Sur mon mandat, j’ai longtemps vu le firewall comme une boîte magique que le monde du réseau gérait dans leur coin. Le gardien de l’entrée, le videur à la porte du bar: ce qui est sur la liste rentre, le reste reste dehors. Plus je code des applications qui parlent à des serveurs, plus je réalise que ça me concerne directement.
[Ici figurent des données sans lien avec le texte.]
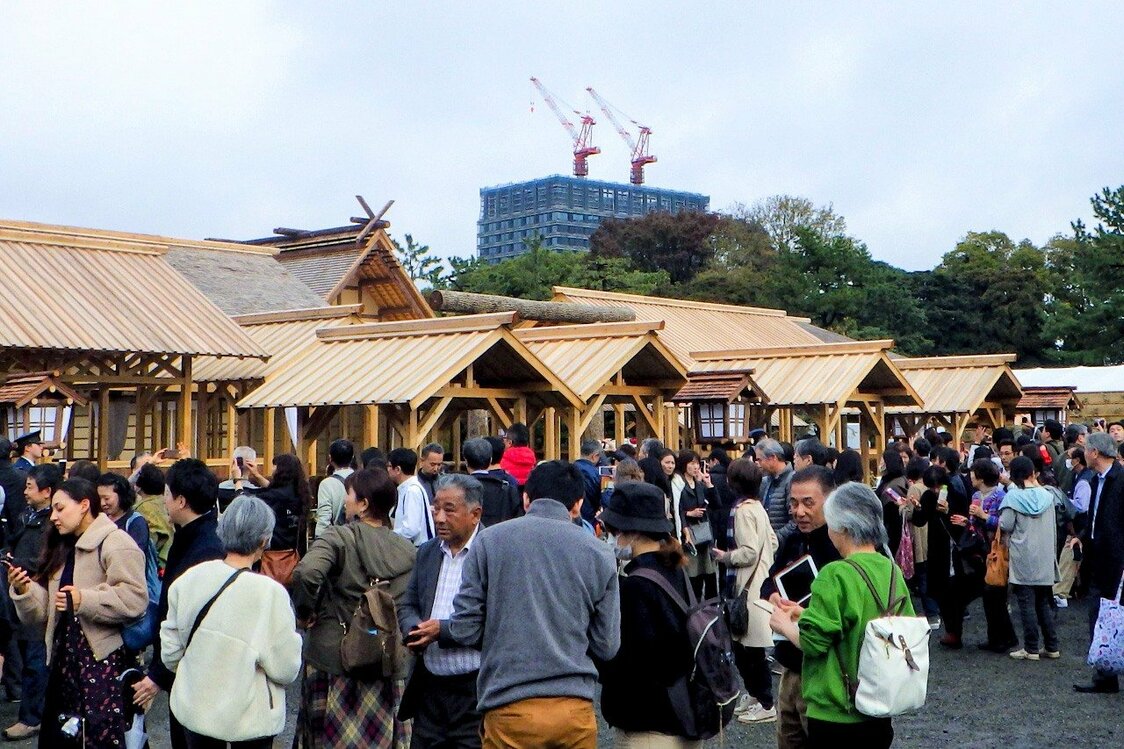 祭祀を終えた後、一般公開された大嘗宮。多くの市民・観光客が見学に訪れた＝2019年11月24日、皇居・東御苑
Le principe est simple: par défaut, on bloque tout. Pis on ouvre juste les portes (les ports) dont on a vraiment besoin. La logique, c’est l’inverse de l’instinct: on part de « rien ne passe » pis on autorise au compte-goutte.

La logique d’une règle

flowchart TD
    A[Connexion entrante] --> B{Port autorisé?}
    B -->|Non| C[Bloqué]
    B -->|Oui| D{Source autorisée?}
    D -->|Non| C
    D -->|Oui| E[Laisse passer]

Quand mon application web a besoin de parler à la base de données, faut que quelqu’un ouvre le bon port entre les deux serveurs. Si j’oublie de demander ça, mon code marche en local pis plante en production — pis je perds une demi-journée à chercher dans mon code un bug qui était dans le firewall.

Mon erreur de débutant

La première fois, j’ai cherché dans mon code pendant des heures. Connexion refusée, refusée, refusée. C’était le firewall qui bloquait le port. Depuis, ma checklist de déploiement commence par: « Est-ce que les ports sont ouverts entre les bonnes machines? »

Ce que j’en retiens

Le firewall comme gardien, c’est pas juste l’affaire des gars de réseau. Comme dev, comprendre que tout est bloqué par défaut m’a sauvé bien des heures de débogage. La sécurité réseau, c’est pas un mur abstrait — c’est une liste de portes, pis faut savoir lesquelles mon application a besoin d’emprunter.